Top of EXTRACTED RECORDS

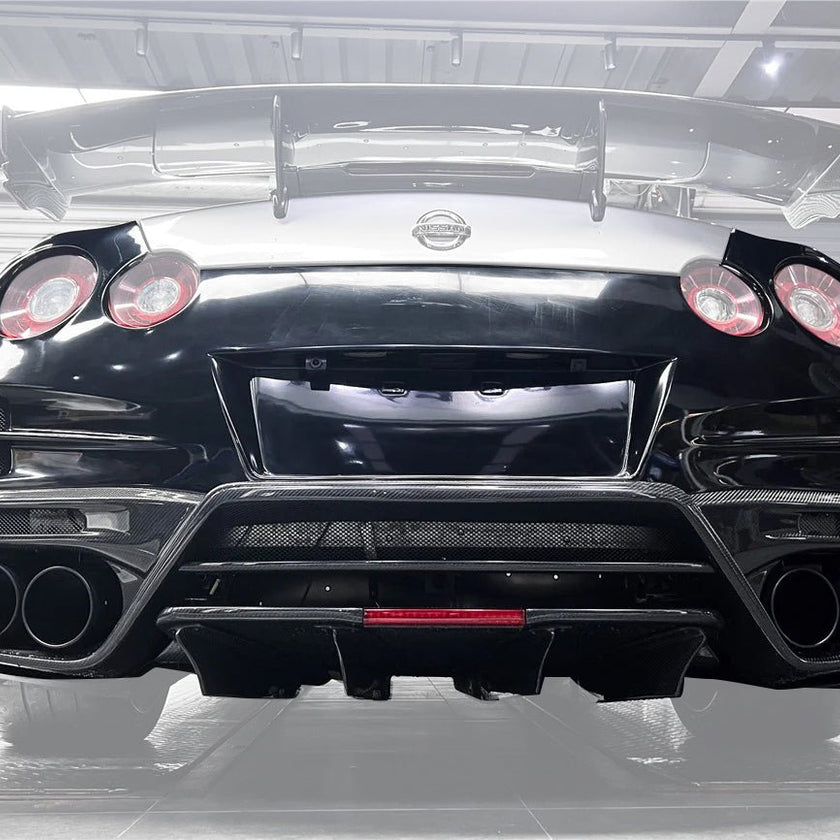 Carbonado TS Style Rear Bumper, Diffuser & Undertray for Nissan GTR GT - R R35 2008 - 2022 CBA & DBA & EBA Carbon Fiber / FRP Aftermarket Carbon Fiber Part / Bodykit - Robot Bodykits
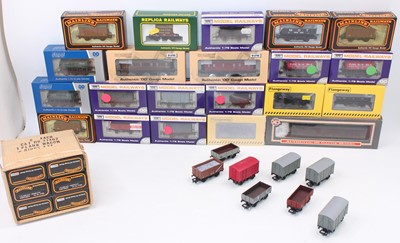 Lot 480 - 30+ various boxed and loose 00 Gauge items of...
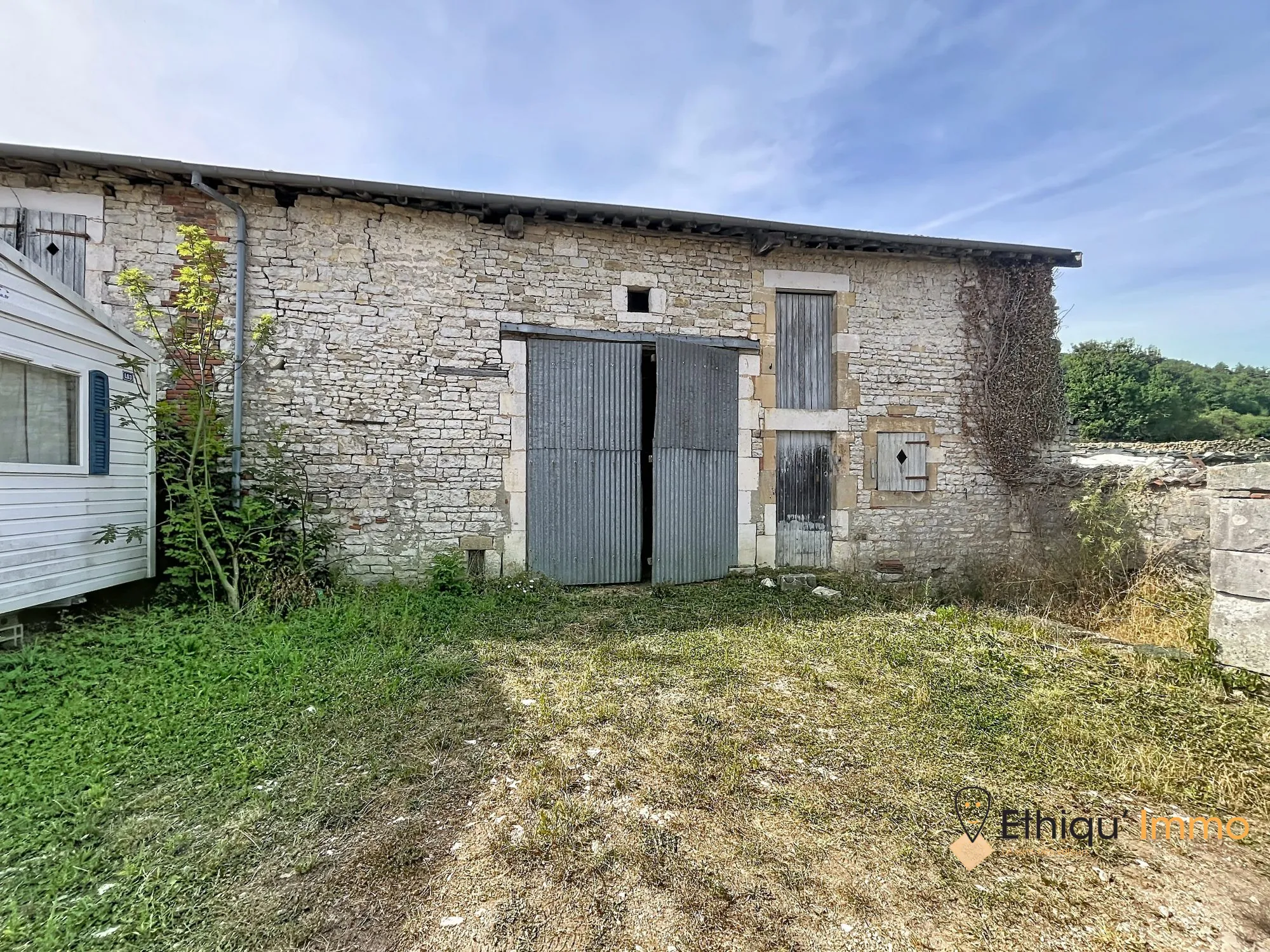 Grande grange à rénover avec terrain arboré à Guindrecourt-sur-Blaise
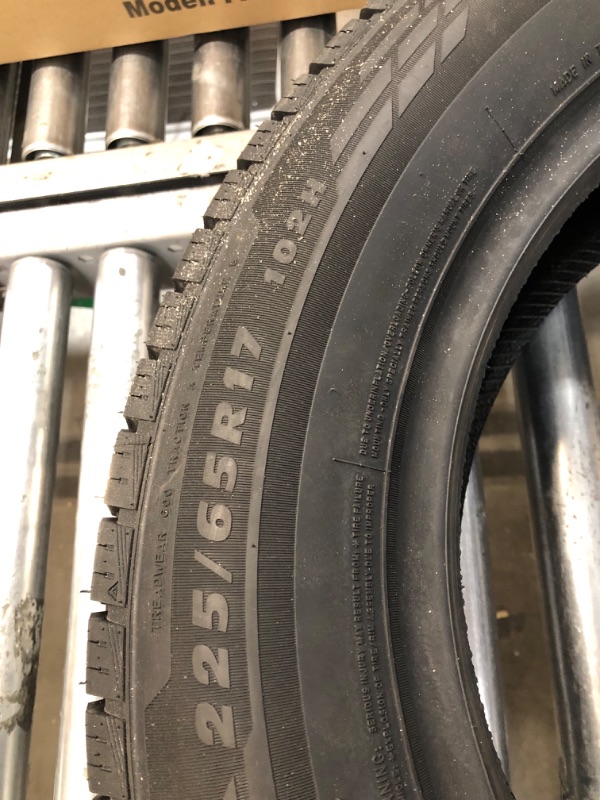 Photo 4 of 225/65R17 CROSSMAX SUV CHTS-1 102H 600AB ***60K**+ROAD HAZARD, Radial, All Season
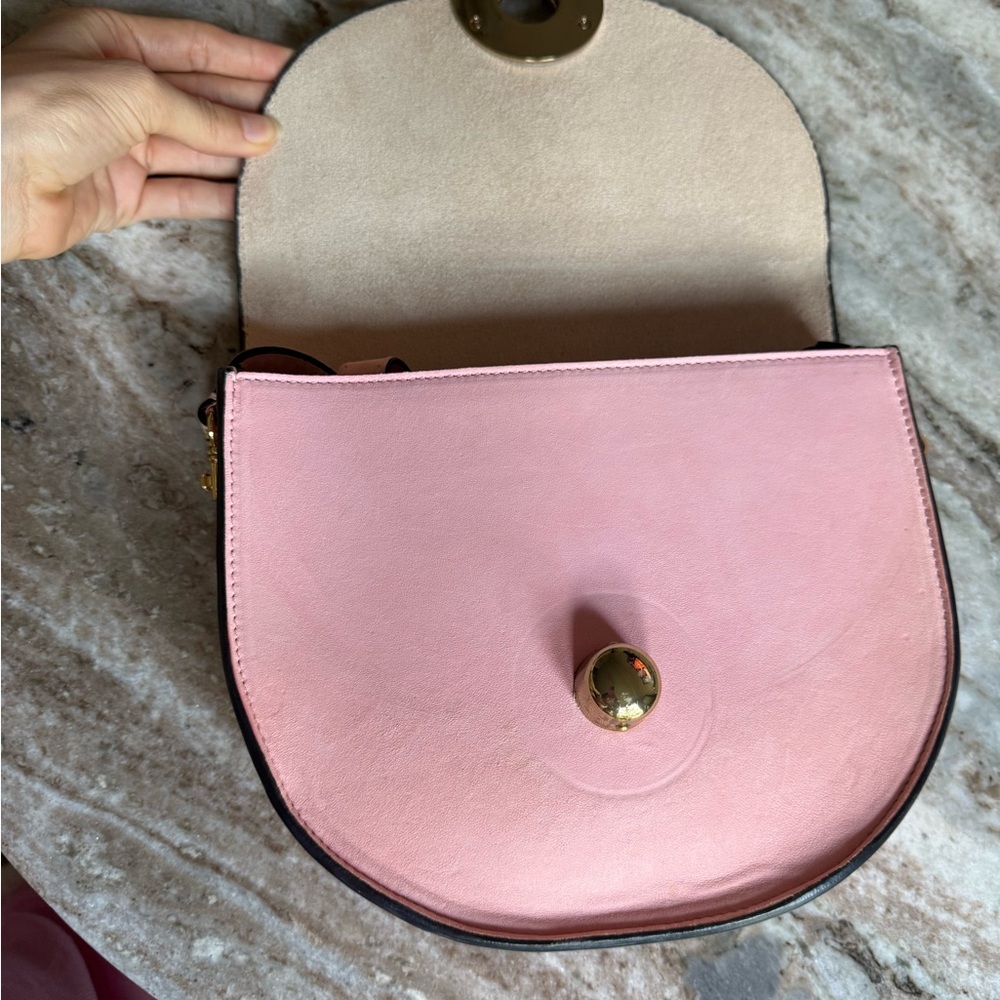 Tara Jarmon Pink Leather Saddle Bag Made in Italy Gold Hardware Parisian Chic - Picture 9 of 11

Bottom of EXTRACTED RECORDS

PROBLEM TO SOLVE
With the pictures excluded, the records are to be reproduced exactly.

EXERCISE ANSWER
 Carbonado TS Style Rear Bumper, Diffuser & Undertray for Nissan GTR GT - R R35 2008 - 2022 CBA & DBA & EBA Carbon Fiber / FRP Aftermarket Carbon Fiber Part / Bodykit - Robot Bodykits
 Lot 480 - 30+ various boxed and loose 00 Gauge items of...
 Grande grange à rénover avec terrain arboré à Guindrecourt-sur-Blaise
 Photo 4 of 225/65R17 CROSSMAX SUV CHTS-1 102H 600AB ***60K**+ROAD HAZARD, Radial, All Season
 Tara Jarmon Pink Leather Saddle Bag Made in Italy Gold Hardware Parisian Chic - Picture 9 of 11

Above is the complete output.